There was weeping and gnashing of teeth. I was in this adorable house with a good bit of space an NO ONE TO FILL IT. No body stopping by on there way to or home from class. No body asking when Mel's Diner would be open. The lows are low. I didn't even want to go to church! Ugh. This is so uncharacteristic, but it's true. I didn't want to put forth the effort to get dressed and do my hair and whatnot. I knew I needed to, so I went. It was hard, even after I got there. 

And, let me tell you something. My Spouse has just loved me. When I was too overwhelmed to make decisions, he did it for me. Dude bought furniture without me. The sales rep remembered how indecisive I was and asked, "Does your wife know you're here? Is this wise?" I love that my girls get to witness their dad taking care of things when Mom goes spastic.
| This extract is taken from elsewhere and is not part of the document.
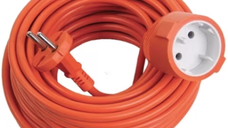 Prelungitor electric 15 m Portocaliu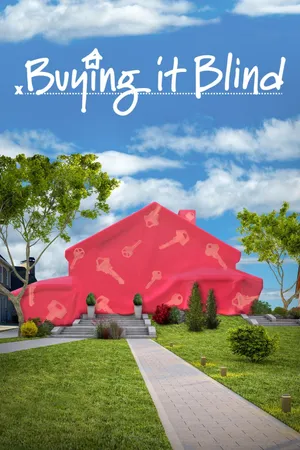 Buying It Blind Poster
None of this is to say that I regret being here. I don't. Not one bit. I'm not freaking out saying, "I want to go home" or anything. We are doing it. It's the doing it part that is tough. Quitting is easy.

The purchase. Love it. There is a dresser, too,
but I wouldn't take a picture of it because it was surrounded by boxes.
So, one day last week after a full on meltdown while on hold with the water company and writing down some Scripture on my To-Do list, I called a friend from home. I had been tempted to call her at about 6 that morning, but I waited. :) You're welcome. I distinctly knew that she was the one to call. After two hours of encouragement and Truth and laughing and crying, I was just about ready to pick up my mat and walk.
I cropped out the obscenely long list on the other side of the page.
But, first, I needed to pray. Pray 'pacifically', as Maddy used to say. (I SO wish she still did.) Pray very specifically for a homeschool group of moms with whom to connect. Pray over this Bible Study group. Pray for my two sweet Houston friends that I already loved. (Elizabeth & Liz, y'all are a true gift.) Pray that we will see what our role will be within this Body of Believers. Pray over my neighbors. (We are working to be very intentional about engaging our neighbors.) Pray for my girls to make friends. 
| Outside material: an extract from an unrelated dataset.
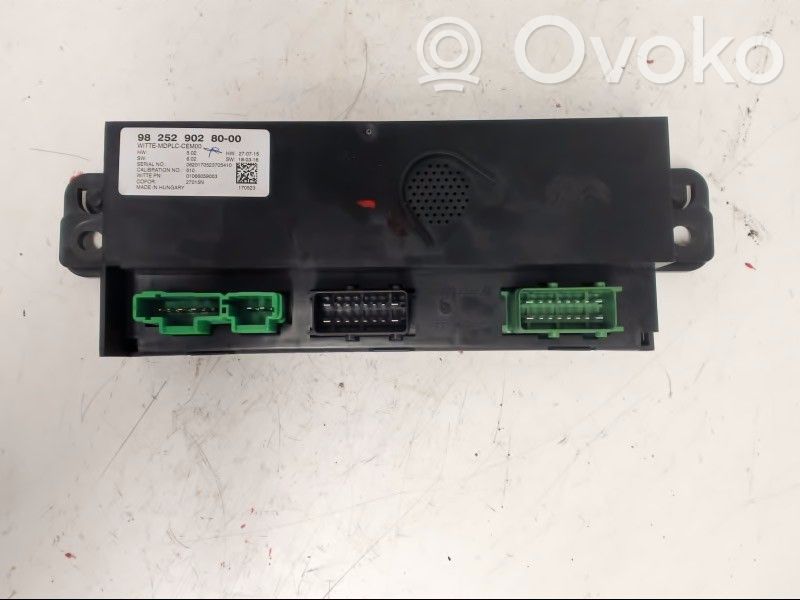 Door control unit/module   9825290280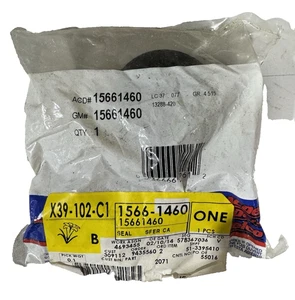 1988-2005 GM TRANSFER CASE REAR OUTPUT SHAFT SEAL P/N 15661460 AC DELCO NEW PART - Foto 1 di 5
See all these people? The. Church. I was energized just by being with them. There was salsa and the Word. For the win.
And, praise King Jesus! It's happening. We have connected with a local little c church and a Bible study group. Just about when I thought I would never find Millennial Love again, I have. Glory!
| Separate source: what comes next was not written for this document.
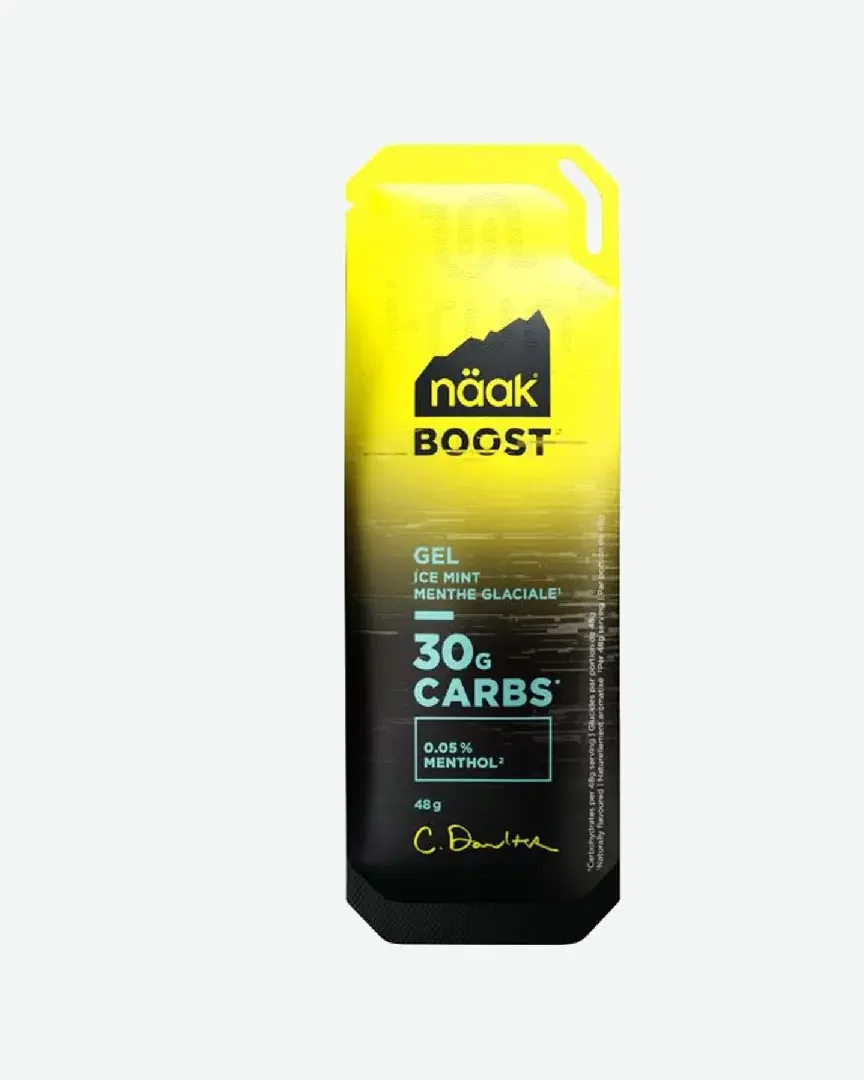 Naak Gel Boost Energía 48G Menta Glacial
There is something about the Lord that can bond two people faster than any Krazy Glue. 
Moms. Millennials. Teachers. Singles. Dads. Younguns. 
Doesn't matter. Shows us how tight & small the Body of Christ is.

I met up with a some homeschool moms that I connected with immediately. I mean, we were at Panera. Who can't connect there? No really, they are too fun and I'm excited to spend more time with them. One of the families is coming to help fill this house tomorrow for a lunch/ playdate.

Not to put a lot of pressure on these new little friends, but seriously, they have been the life-giving hands and feet of Jesus to me. Plus, they are hilarious.
My little friend, Sage, coaching her volleyball team in Jesus's name. Love at first sight with this one.
Rachelle. Gorgeous. Love at first sight again, I tell you.  We had a 4 hour lunch date. And, she blogs.
Proof that Spouse is really concerned about my emotional state. Bless him. 
OK. Just so y'all know it hasn't all been bad and I have been holding it somewhat together, here's a few pics:

Is that the coolest thing you've ever seen? This little girl needs her own HGTV show. 
Girls, I can not tell you how valuable it is to have a husband that can build stuff & fix stuff. It's good for them, too.
Proof that there has been some semblance of school going on around here. 

See what I mean by 'lows'? ^^
This is sort of a 'high'---until I look at all the boxes that ARE LEFT!

  
After eating out so much the last 7 months, we are glad to cook at home!

So, there it is.

Proof that "Because of the Lord's great love we are not consumed, for his compassions never fail..."

Almost consumed, maybe, but "his compassions are new every morning."